Design: Hydrogen peroxide (H2O2) was used to induce oxidative stress in rat chondrocytes. ROS levels were evaluated using cytometry and immunofluorescence. Cell viability was detected using the Cell Counting Kit-8 (CCK-8) assay. Western blotting and qPCR (Quantiative Real-Time Polymerase Chain Reaction) were used to examine apoptosis and autophagy. For in vivo experiments, male Sprague-Dawley rats were randomly divided into a sham-operated group, DMM (destabilization of the medial meniscus) surgery group, and surgery groups that received melatonin. Knee joints were collected and stained for histological analysis.
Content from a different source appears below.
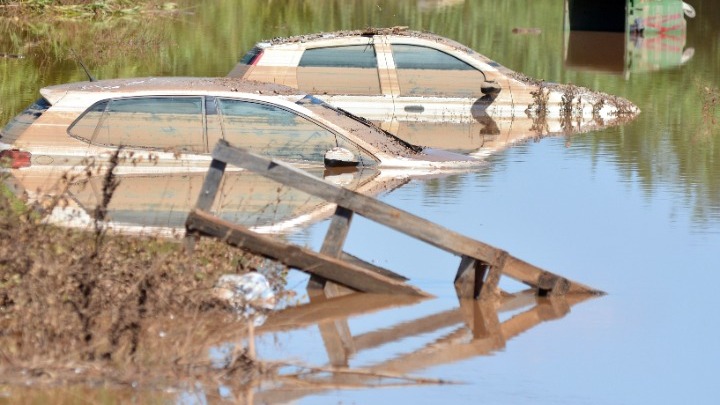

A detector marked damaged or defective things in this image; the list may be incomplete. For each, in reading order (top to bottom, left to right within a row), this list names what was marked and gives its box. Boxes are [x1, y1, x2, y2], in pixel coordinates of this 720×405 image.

broken wooden fence [186, 140, 600, 298]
Results: The data demonstrated that melatonin treatment significantly suppressed H2O2-induced matrix degradation and apoptosis, and maintained mitochondrial redox homeostasis. In addition, an enhancement of autophagic flux was observed through western blotting. These findings corresponded with activation of the AMPK/Foxo3 signaling pathways upon melatonin treatment. Histological staining and transmission electron microscopy (TEM) micrographs also demonstrated that melatonin alleviated cartilage ossification and chondrocyte hypertrophy in vivo.
Conclusions: Our results indicated that melatonin protected chondrocytes via mitochondrial redox homeostasis and autophagy. The effects of melatonin on senescence may apply to other age-related diseases. Thus, melatonin may have multiple potential therapeutic applications.
Keywords: melatonin; mitochondria; osteoarthritis; oxidative stress.